By Jack Hawkins
A tale of Coast Guard chutzpah better than, but not as rare as a snowball fight in hell ........
During 1967 and 68 I was an SNRD then a RD3 aboard the CGC STORIS. This is a short remembrance of one of best crews I ever had the pleasure to serve with.
It was a quiet spring day in Kodiak. All three cutters where in port. STORIS and CONFIDENCE at the fuel pier and the CITRUS at the buoy dock. Old Women's Bay was flat calm and there had been a light snowfall the night before.
Now, you must remember that Kodiak was a Naval Base before the Coast Guard took over, and sometimes relations with the "Squids" and "Jar Heads" were not always the best.
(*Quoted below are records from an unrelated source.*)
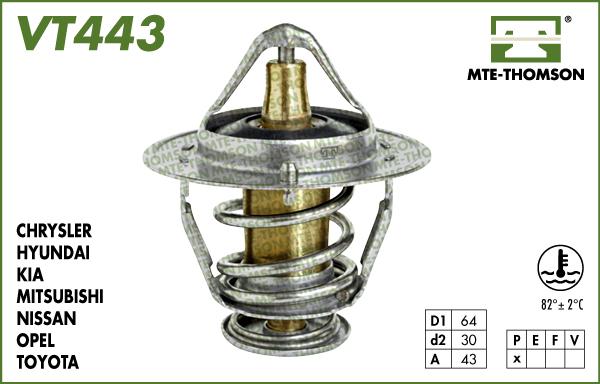 MTE-Thomson VT443.82 - Termostat, rashladna tekućinu www.molydon.hr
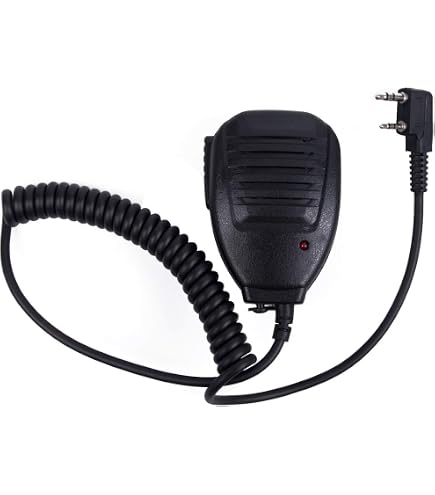 Microphone Haut-parleur Pour Talkie-walkie Motorola GP328 Etc. - IP54 - Prise Jack 3,5 Mm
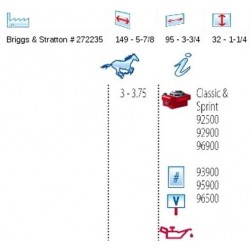 Filtr powietrza Briggs&Stratton - OREGON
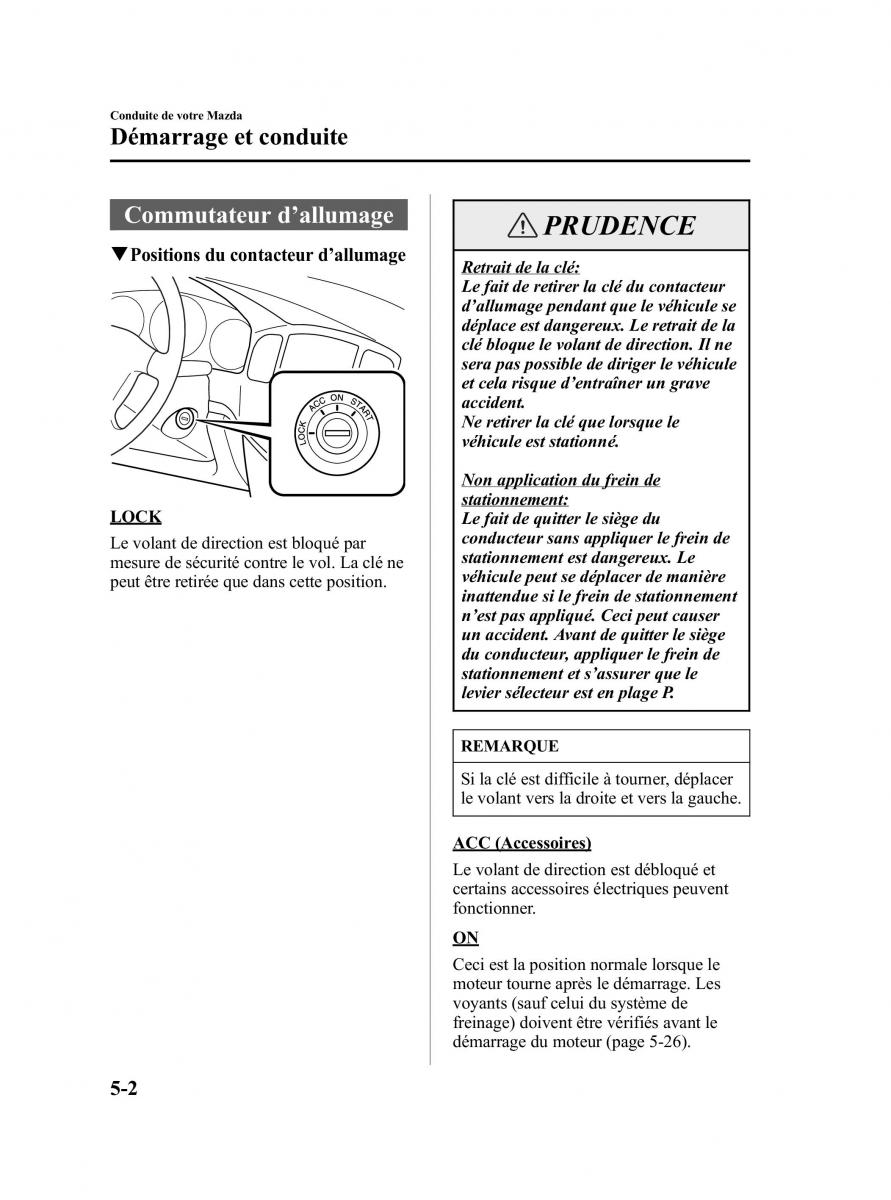 Mazda MPV II 2 LW manuel du proprietaire / page 160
On more that one occasion the liberty section would be escorted back to the Cutter, with a Marine Guard truck in front and a Marine Guard Truck behind, owing to a brief interservice discussion at the club. We won't even begin to talk about the Naval Base at ADAK, the night the STORIS crew wore the new Flat Hats (Donald Duck hats) ashore in "67".
It's afternoon on the STORIS quarterdeck, when this snowball thrown from the CONFIDENCE lands next the QMOW. WEEELL, this insult can not be tolerated, especially to the MIGHTY STORIS, so one snowball, is answered by two; two by four; four by eight; in absolute perfect numerical progression, until it seemed that both Ship's Crews are involved. (I swear, I saw the CONNIE's EO throw a snowball at his equal on the STORIS.)
Well, things are progressing quite well, when this Navy officer, leaves the CONNIE's Quarterdeck. Like Moses parting the Red Sea, the snowballs sail completely around him. He seems oblivious to the flurry of white stuff around him. 'Til it happens. (You know where we're going with this don't you?)
The Naval Officer had just passed the bow of the STORIS, (Port side to the West side of the pier. CONFIDENCE was starboard side to the East side.) The Officer's hat suddenly flew off his head. Then it just appeared that a cloud opened up and small private snow shower descended upon this hapless Naval Hero.
The new snow bank in the pier was unmoving for a short time, then it straightened, shook off the snow, and the Naval Hero reappeared. He looked around and there was NO ONE to be seen on either Cutter. Just two poor QMOW's trapped by their duty stations with their heads buried in logbooks. The Naval Hero, continued to shake the snow from his clothes, recovered his headgear and continued down the pier. He took several more steps, then turned, and saluted both Cutters with the Famous Fickle Middle Finger Salute, again turned and left the combat area.
Ah, it was good to alive in Kodiak that day!
That's My story and I'm sticking to it.